Dataset records
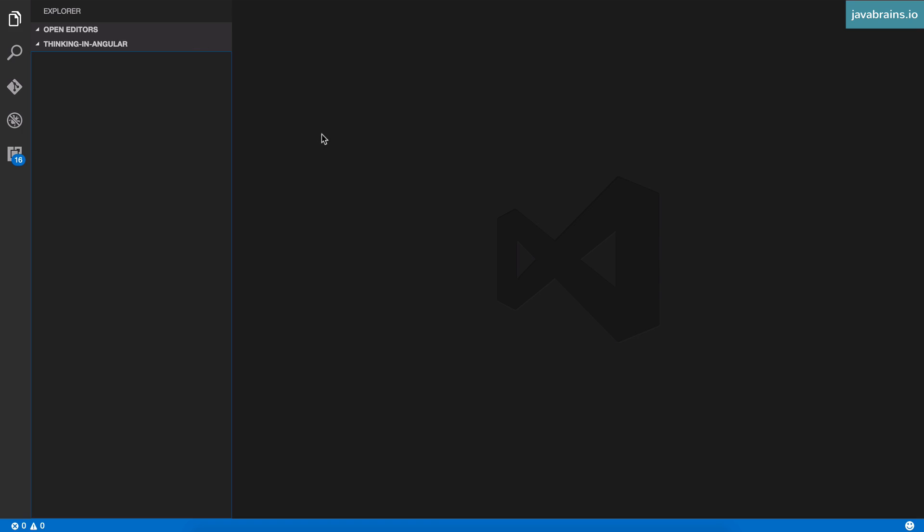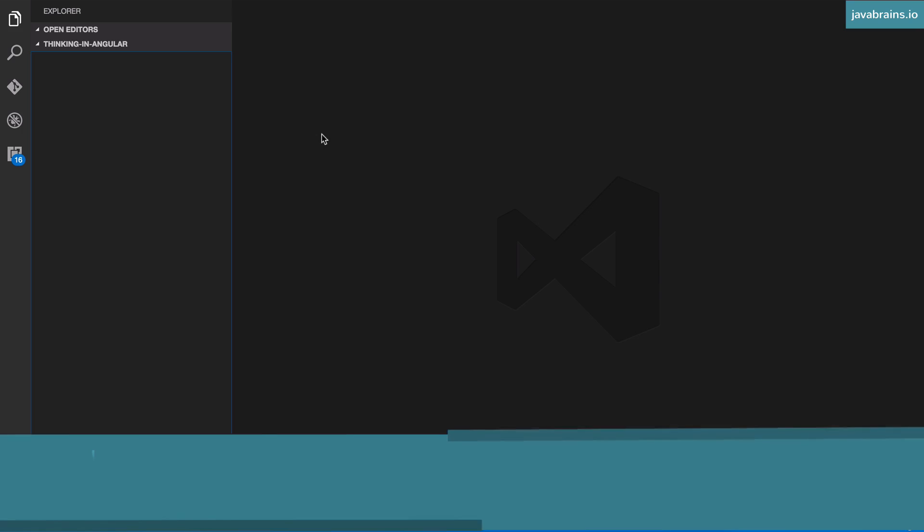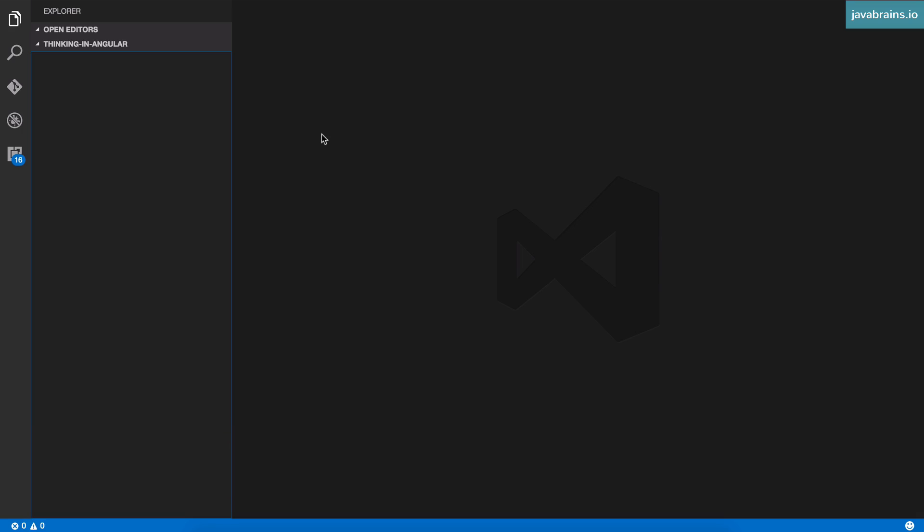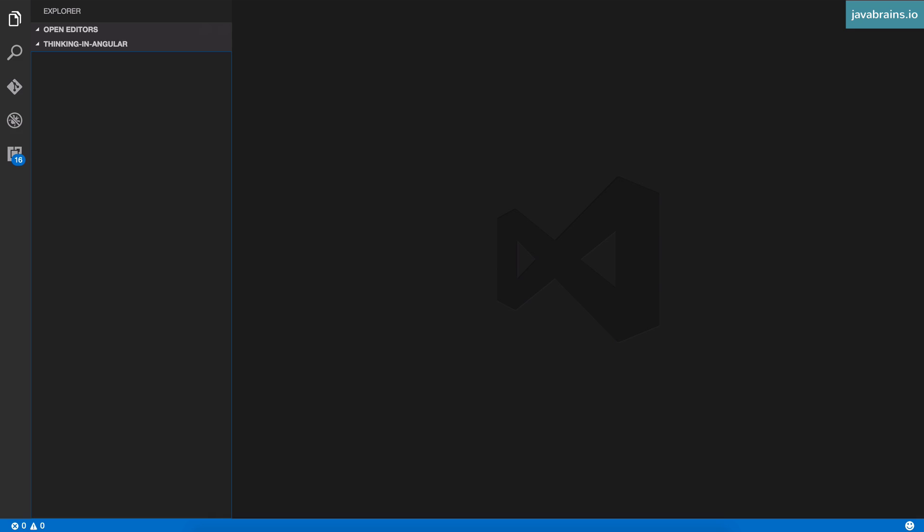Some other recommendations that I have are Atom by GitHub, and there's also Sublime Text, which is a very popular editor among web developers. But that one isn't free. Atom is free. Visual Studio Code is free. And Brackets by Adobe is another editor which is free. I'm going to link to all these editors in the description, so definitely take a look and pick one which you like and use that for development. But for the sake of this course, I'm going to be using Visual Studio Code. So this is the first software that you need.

==

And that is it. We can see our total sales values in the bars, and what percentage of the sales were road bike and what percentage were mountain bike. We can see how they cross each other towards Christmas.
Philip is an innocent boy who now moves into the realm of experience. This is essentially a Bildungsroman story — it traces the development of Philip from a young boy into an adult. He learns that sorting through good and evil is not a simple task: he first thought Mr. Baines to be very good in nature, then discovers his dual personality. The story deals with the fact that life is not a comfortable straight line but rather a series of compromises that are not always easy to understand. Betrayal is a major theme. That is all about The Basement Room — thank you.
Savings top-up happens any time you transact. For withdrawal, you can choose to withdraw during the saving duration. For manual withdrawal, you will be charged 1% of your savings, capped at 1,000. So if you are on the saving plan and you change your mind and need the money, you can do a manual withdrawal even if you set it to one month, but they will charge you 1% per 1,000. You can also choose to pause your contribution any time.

==

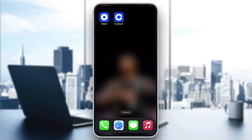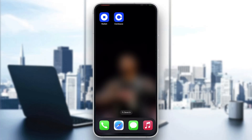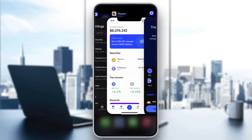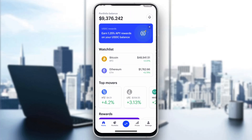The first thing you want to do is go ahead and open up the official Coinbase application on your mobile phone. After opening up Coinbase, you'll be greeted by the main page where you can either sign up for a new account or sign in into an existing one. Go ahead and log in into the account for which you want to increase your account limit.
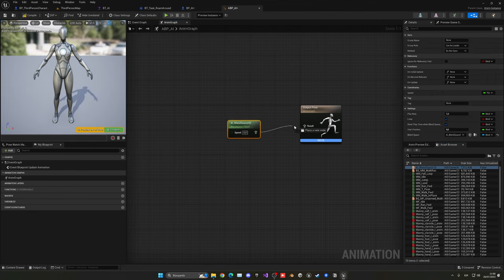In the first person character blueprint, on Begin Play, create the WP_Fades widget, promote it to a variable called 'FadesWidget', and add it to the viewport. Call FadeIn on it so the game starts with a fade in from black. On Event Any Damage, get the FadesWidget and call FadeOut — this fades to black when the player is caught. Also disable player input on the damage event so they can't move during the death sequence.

Task description
Above are the records; print exactly the lines from the line with "Philip is an" to the line with "Savings top-up happens", including both, and nothing else.

Response for this exercise
Philip is an innocent boy who now moves into the realm of experience. This is essentially a Bildungsroman story — it traces the development of Philip from a young boy into an adult. He learns that sorting through good and evil is not a simple task: he first thought Mr. Baines to be very good in nature, then discovers his dual personality. The story deals with the fact that life is not a comfortable straight line but rather a series of compromises that are not always easy to understand. Betrayal is a major theme. That is all about The Basement Room — thank you.
Savings top-up happens any time you transact. For withdrawal, you can choose to withdraw during the saving duration. For manual withdrawal, you will be charged 1% of your savings, capped at 1,000. So if you are on the saving plan and you change your mind and need the money, you can do a manual withdrawal even if you set it to one month, but they will charge you 1% per 1,000. You can also choose to pause your contribution any time.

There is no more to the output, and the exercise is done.